_Your objective_
Return the records exactly as they stand, and keep the pictures out of the copy.

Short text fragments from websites
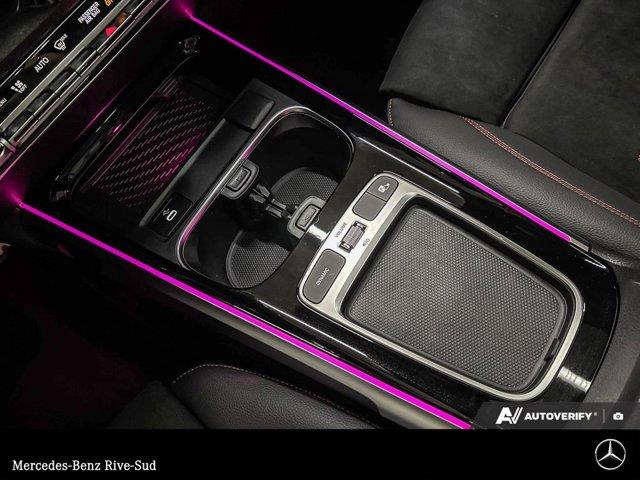 mercedes-benz GLB 2026 - 17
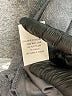 Ruby Rox Solid Gray Casual Dress Size L - photo 9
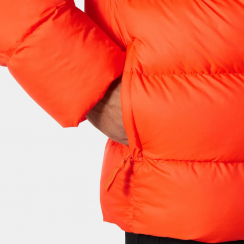 Helly Hansen - Active Puffy Jacket Cherry Tomato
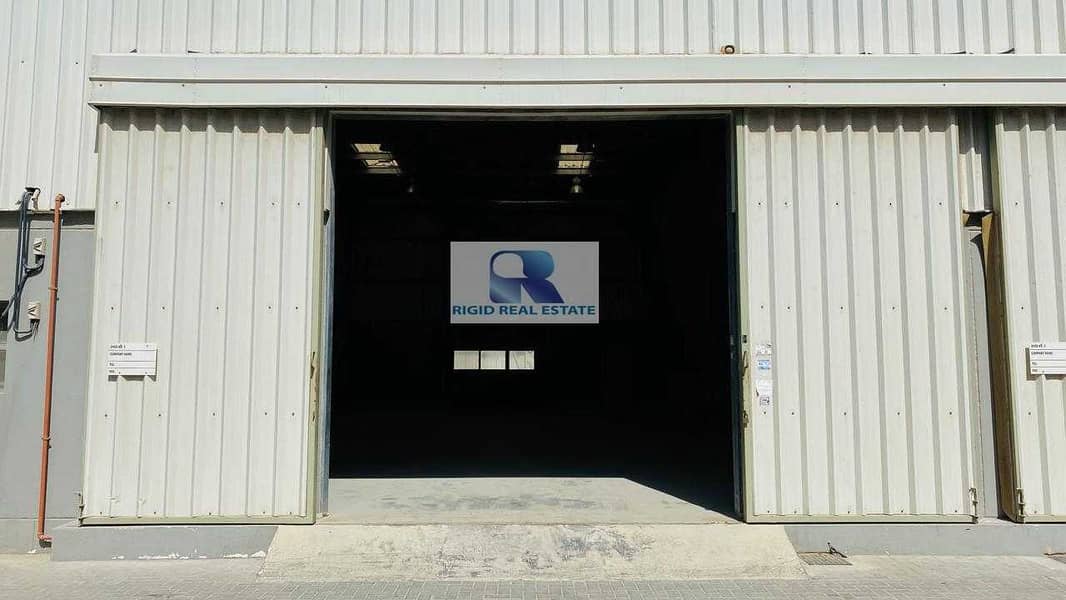 22 CLEAN WAREHOUSE FOR RENT IN DIP!!!ZERO COMMISSION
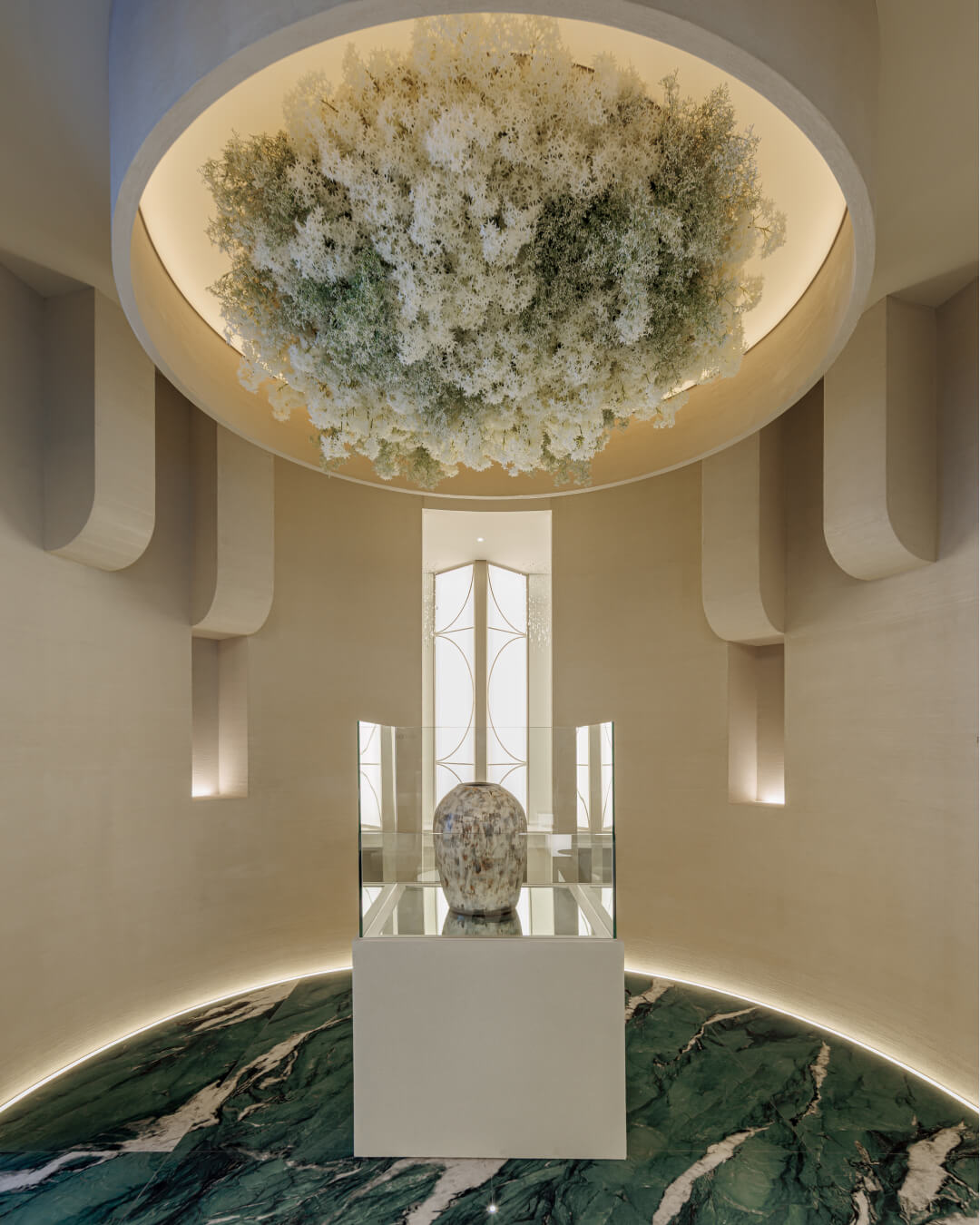 Reberry Clinic – Gangnam Seoul | Stem Cell Therapy & Regenerative Aesthetics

_Task result_
 mercedes-benz GLB 2026 - 17
 Ruby Rox Solid Gray Casual Dress Size L - photo 9
 Helly Hansen - Active Puffy Jacket Cherry Tomato
 22 CLEAN WAREHOUSE FOR RENT IN DIP!!!ZERO COMMISSION
 Reberry Clinic – Gangnam Seoul | Stem Cell Therapy & Regenerative Aesthetics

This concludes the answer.